The green module genes were more enriched in collagen catabolic process, cell adhesion, ECM organization, chemotaxis and cell-cell signaling, and participated primarily in the regulation of the ECM, and the PI3K-Akt and Chemokine signaling pathways. By contrast, the brown module was negatively correlated with CRC. Pathway analysis demonstrated that the brown module contained genes that were involved in the regulation of the chemokine-mediated signaling pathway, and negative regulation of growth and steroid metabolic process, which oppose cancer tissue expansion. CRC is an inflammation-associated type of cancer, and the chemokine expression pattern in CRC is similar to the cellular immune response involved in lymphocyte recirculation and the directed migration of leukocytes into mucosal tissues, which was consistent with the present results (29). A previous study has revealed that collective cell invasion of CRC tissue depends on cell-intrinsic mechanisms, but recently more evidence has indicated that it also depends on extracellular mechanisms involving bidirectional interplay between the tumor cell and the tumor environment, such as the ECM (30). The results of the present study emphasized the importance of the ECM in cancer. In addition, the Wnt signaling pathway has been widely studied as an important CRC pathway; however, its clinical application has a limited effect, as the pathogenesis of CRC involves other signaling pathways as well (9). The FDR value of tumor necrosis factor and Wnt signaling pathways in KEGG analysis of green module was not statistically significant. This result indicated that the popular pathway in CRC, Wnt signaling pathway, was unable to explain the pathological mechanism on its own. According to screening genes of Cytoscape platform and survival analysis in GEPIA, a total of 5 hub genes were identified in the green module, including COL1A1, COL12A1, CTHRC1, INHBA and CBX2, and 5 hub genes in the brown module, including BEST2, CA2, GCG, SLC4A4 and GLDN. Survival analysis indicated that the expression of all 10 hub genes was significantly associated with the survival of patients with CRC. The increased expression level of hub genes from the green module and decreased expression level of hub genes from the brown module in CRC were both verified by TCGA CRC data.

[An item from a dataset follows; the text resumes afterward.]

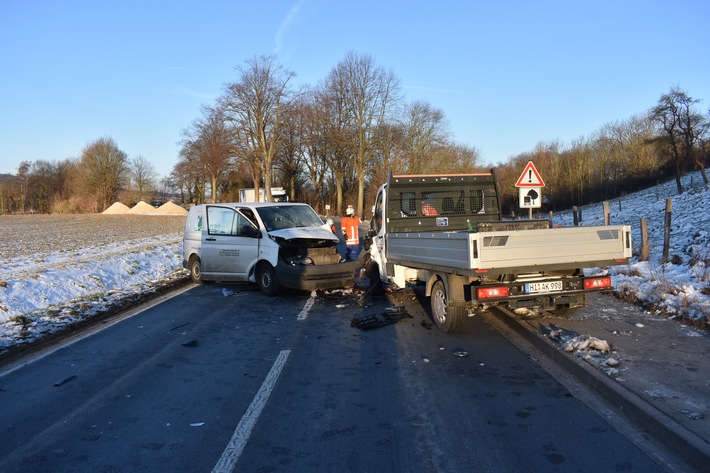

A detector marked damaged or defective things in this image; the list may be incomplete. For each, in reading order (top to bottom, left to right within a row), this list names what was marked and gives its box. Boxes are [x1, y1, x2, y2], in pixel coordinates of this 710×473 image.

In light of previous studies, the correlation among these 7/10 hub genes and CRC have been explored. The ECM, the PI3K-Akt pathway and nitric oxide pathway served important roles in tumor initiation, invasion and progression (31,32). COL1A1 and CA2 genes contribute to ECM and the PI3K-Akt pathways, and have been reported to be associated with CRC metastasis (33). The CA2 gene encodes a member of the carbonic anhydrase family, which is significantly downregulated in the majority of colorectal tumors and associated with patient survival (34). The CA2 gene has been demonstrated to be involved in the nitrogen metabolism pathway and associated with lymph node metastasis in endometrial adenocarcinoma, and lymph node metastasis in gastric cancer and regulation of the pH regulatory system (35). Similarly, it has been reported that CA2 is associated with metastasis in CRC (36). COL1A1 and its homologous gene COL12A1 were revealed to be involved in ECM organization, and were identified be significantly upregulated in patients with CRC, which was consistent with previous studies (37,38). The CTHRC1 gene encodes an ECM-associated protein involved in extracellular space and proteinaceous ECM, which may contribute to tissue repair by limiting collagen matrix deposition and promoting cell migration (39). The SLC4A4 gene affects intracellular pH, which can regulate tumor progression in the hypoxic and acidic tumor environment (40). As for GLDN, also known as CRG-L2, it may serve an important role in extracellular structure or intercellular signaling, and it has been associated with CRC prognosis (41). The GCG gene is hypothesized to be involve in the regulation of incretin synthesis, secretion, inactivation and RET signaling, while some studies have identified that GCG is downregulated in both adenomas and CRC tissues (42,43).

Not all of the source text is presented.